人生の第三ステージ「白秋」のなかで、最終ステージ「玄冬」へ向けての想いを、本やメディアに託して綴る。人生、これ逍遥なり。

「引き算」のすすめ―『堕ちられない「私」』

2015年01月08日 | Life
☆『堕ちられない「私」』(香山リカ・著、文春新書)☆

  子どものころ、発明発見物語を読んでワクワクしたり、自然の不思議さに魅せられて胸が高鳴り、科学・技術の世界へ進んだ人は少なくないだろう。しかし、いざ大学などで研究生活に入ってみると、成果を挙げることに汲々とした毎日を送ることになる。企業に入れば、利益に結びつく研究が至上命題となる。そして、子どものころのワクワク感やドキドキ感は、いつかどこかに忘れ去られてしまう。もう少しアカデミズムの世界の話を続ければ、進歩や成長に意義を唱え、人間疎外を問題視していたはずなのに、指導教員に論文投稿や学会発表の発破をかけられ、いつのまにか自分自身がモノ化・アトム化してしまう。少しばかり自分の知っている世界のことを書いたが、どの分野であっても同じようなことが起きているように思う。これってどこかおかしくないだろうか。
  この本は「堕ちること」のすすめである。もちろん、ドラッグなどで身を滅ぼすような堕落ではなく、いまや社会全体を覆っているある種の価値観から「堕ちること」のすすめである。ある種の価値観とはなにか?―目次を見ながらざっと挙げてみると、健全さ、自己啓発、成果主義、ポジティブシンキング、計画的な人生設計、明るさ、自己実現、理想の〇〇、アンチエイジング、世間の枠、などなど…。総じてプラス志向の価値観といえそうだ。プラスは、マイナスがあってこそのプラスのはずだが、いまの世の中はマイナスの存在が忘れ去られ、プラスだけのいびつな状態になっている。プラスオンリーのいびつな社会から、「引き算の行為」を取り戻そうとする試みともいえそうだ。
  そうはいっても、「堕ちること」や「引き算の行為」はそう簡単ではない。プラス志向の価値観にがんじがらめになっている自分自身に気づくことが第一歩だが、他人事のようにいうのではなく、自分自身の実感をともなって気づくのはなかなか大変である。気づいたとしても、「引き算の行為」へ進むこともまた大変だと思う。そこで重要になるのは、たぶん「何もしない」ことだろう。プラスの「がんばる」に対して、「がんばらない」がマイナスならば、それ以上「がんばる」ことを止めてしまうというイメージだろうか。そうすれば、そのうちに「がんばらない」こともできるようになるかもしれない。
  道端で見つけた花がきれいだと思った。それでデジカメで写真を撮り、たとえばフェイスブックに載せたとする。そこまではいい。
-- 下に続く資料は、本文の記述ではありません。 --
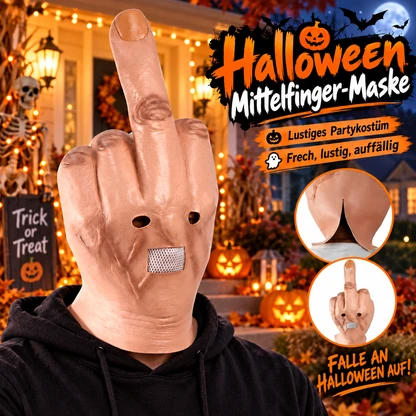 Lustige Halloween-Maske mit Mittelfinger
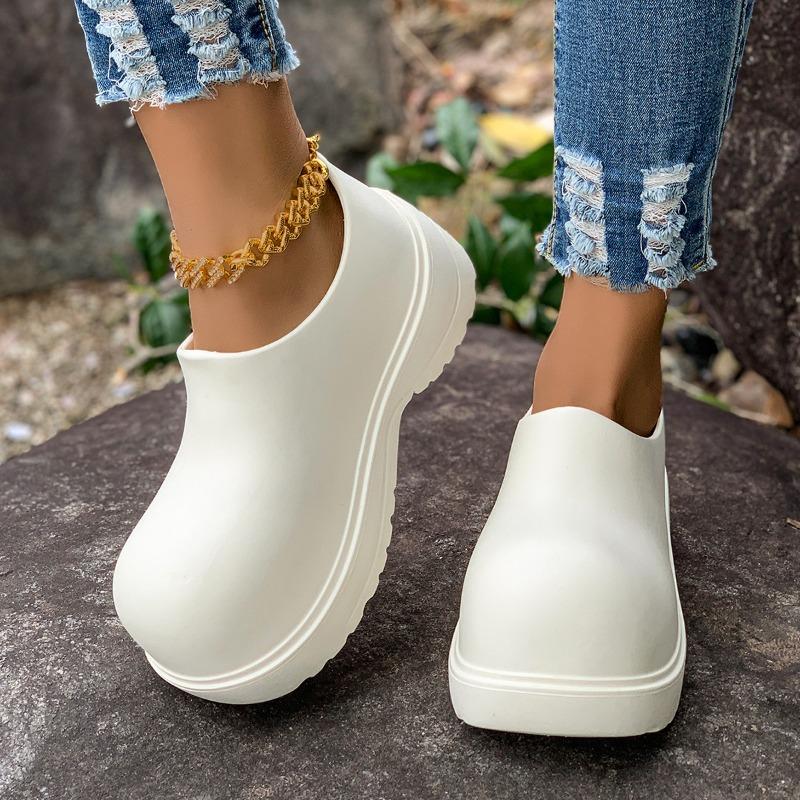 

Модная платформа Одинарная обувь Осень Новая Круглый носок Ноги Водонепроницаемая и Противоскользящая Каблук Каблук-рюмочка Обувь 36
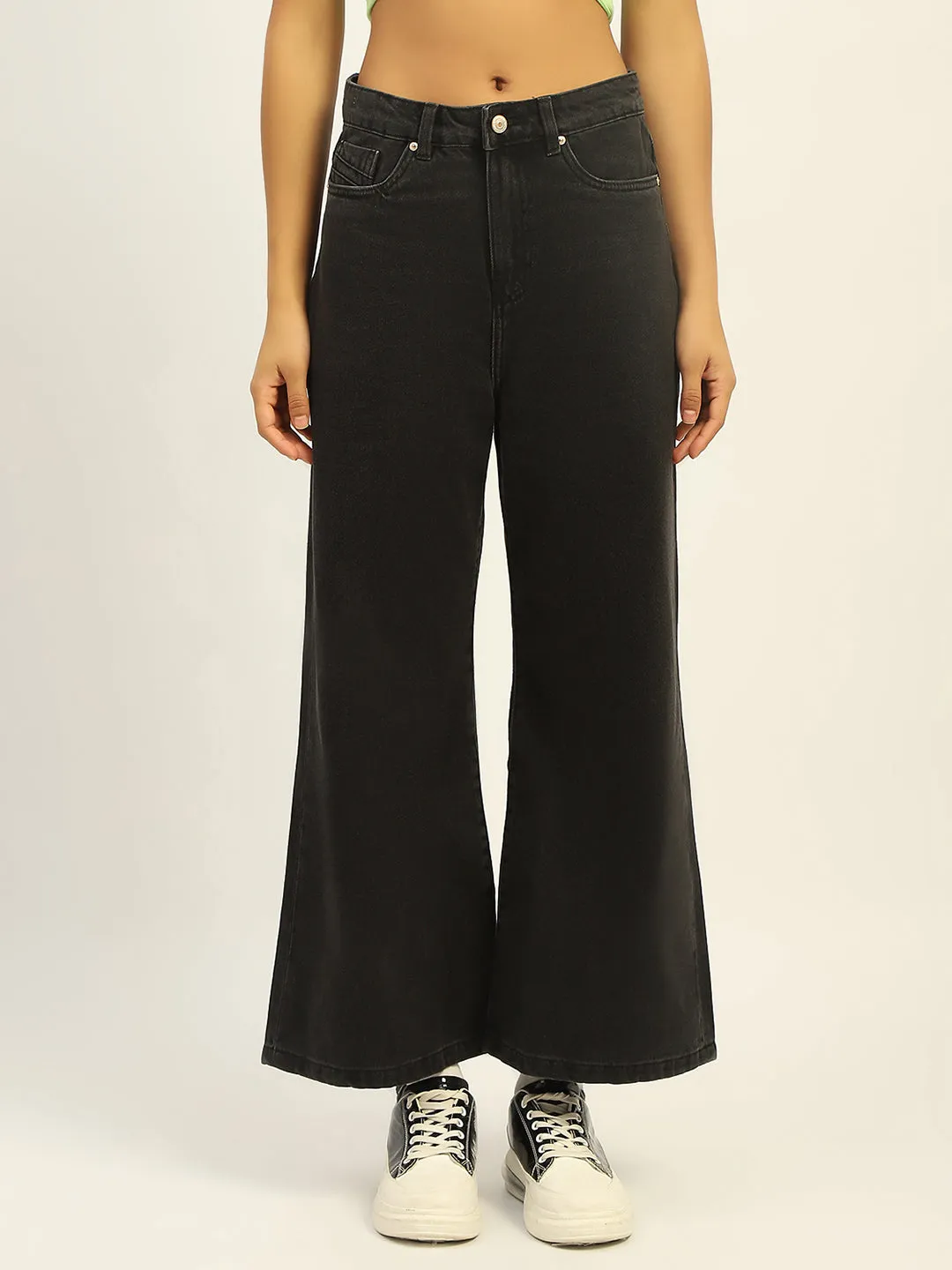 Madame Wide Leg Charcoal Black Cotton Jeans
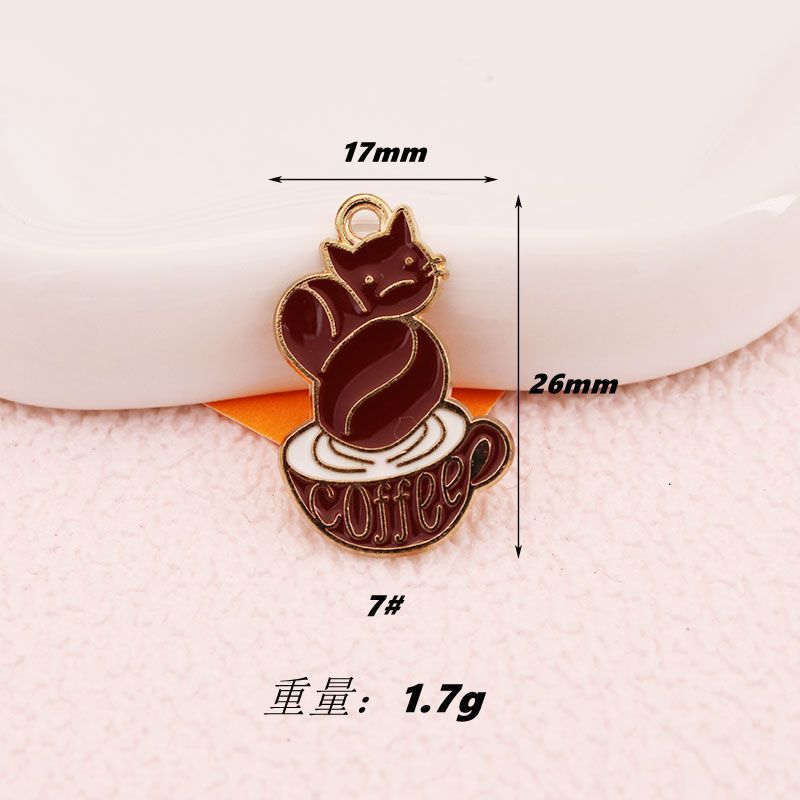 漫画のコップのイヤリングDIYの愛の猫のコーヒーカップの猫の耳飾りのキーホルダーの部品DIYのアクセサリ|undefined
しかし、「いいね!」が付くことを気にするのはよくない。ましてや「いいね!」の数に一喜一憂するのは。きれいな花だったので写真を撮り、日記代わりのフェイスブックに載せてみただけのことだ。それ以上を望むのは自己肯定感に酔いたいだけであり、その裏には不安が隠されている(著者の香山さんも本書でふれている)。もし一つでも「いいね!」が付けば、それはそれで嬉しく思えばよいし、付かなかったとしても、きれいな花を見ただけで満足すればいいことだ。花はきれいなだけでいい。
  研究だって、きっとそうだろうと思う。ときには成果を挙げる必要もあるだろうし、論文投稿や学会発表もすべて否定すればいいというものではない。ただ、プラス志向の一本道に血道を上げるのではなく、たまには堕ちてみて、花の美しさを愛でてみようということなのだ。